Omit the pictures. Print each entry below exactly.
*** Opening of Source data ***
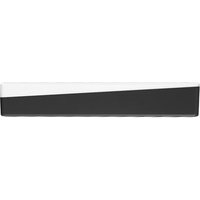 WD My Passport 6TB portable HDD White
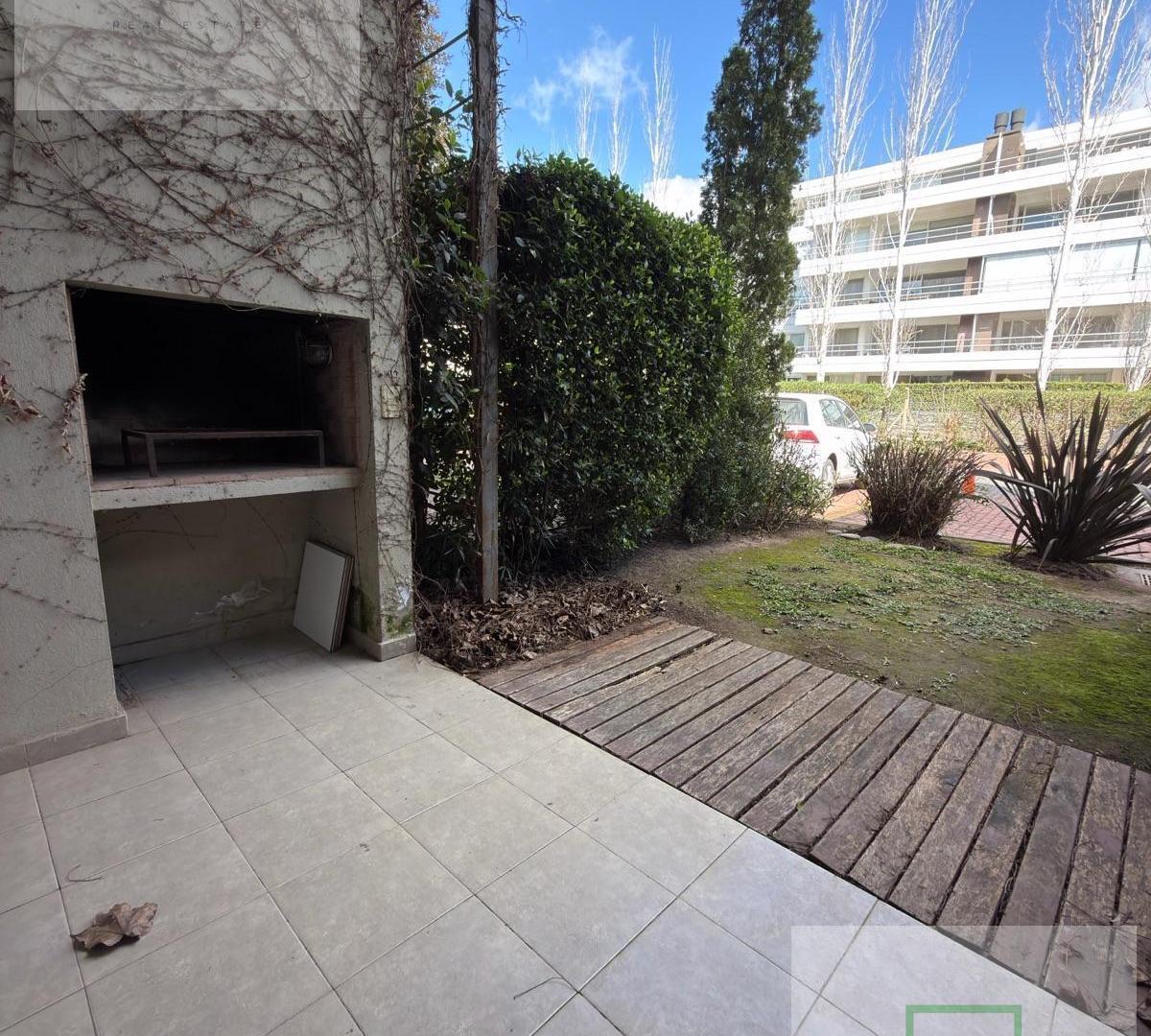 Foto de Ayres Lofts alquiler Pilar, imagen 4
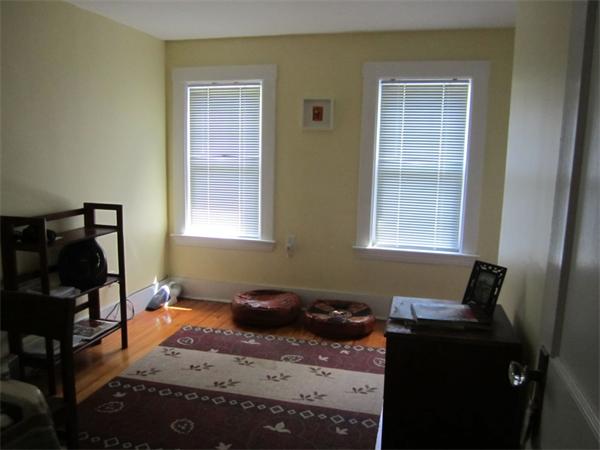 318 Washington Street Canton, MA 02021 - Photo 8 of 14 Gallery Image 8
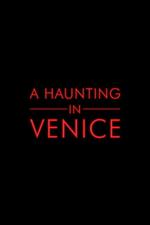 A Haunting in Venice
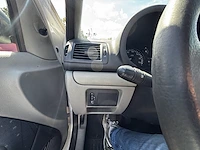 Renault clio, 2001 - afbeelding 6 van  32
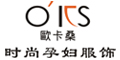 欧卡桑(OICS)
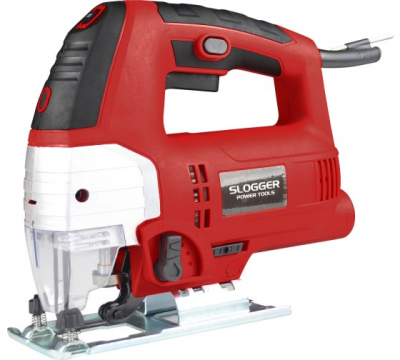 Лобзик JS860 Slogger 850Вт,500-3000 об/мин 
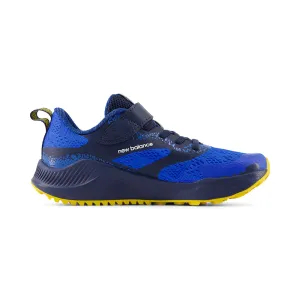 New Balance Nitrel V5 PS Kids Running Shoes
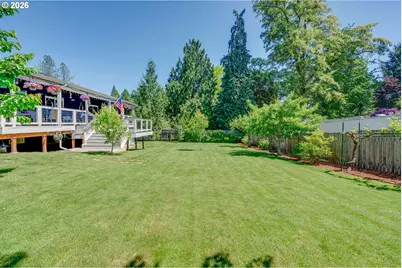 1868 SE Oak St, Hillsboro, OR 97123 - Photo 37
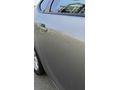 Opel Astra 1.6 Edition Plus 2016 Model 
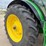 2021-john-deere-6155r-image-18
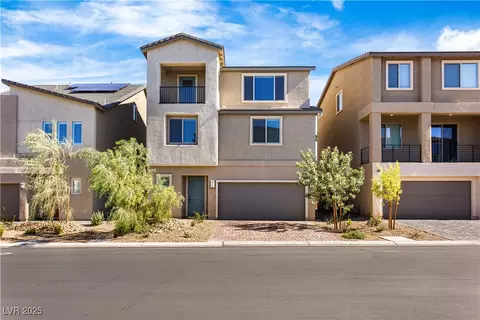 5646 Spring Trellis St, Las Vegas, NV 89113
*** Close of Source data ***
Finished task ▸
 WD My Passport 6TB portable HDD White
 Foto de Ayres Lofts alquiler Pilar, imagen 4
 318 Washington Street Canton, MA 02021 - Photo 8 of 14 Gallery Image 8
 A Haunting in Venice
 Renault clio, 2001 - afbeelding 6 van  32
 欧卡桑(OICS)
 Лобзик JS860 Slogger 850Вт,500-3000 об/мин 
 New Balance Nitrel V5 PS Kids Running Shoes
 1868 SE Oak St, Hillsboro, OR 97123 - Photo 37
 Opel Astra 1.6 Edition Plus 2016 Model 
 2021-john-deere-6155r-image-18
 5646 Spring Trellis St, Las Vegas, NV 89113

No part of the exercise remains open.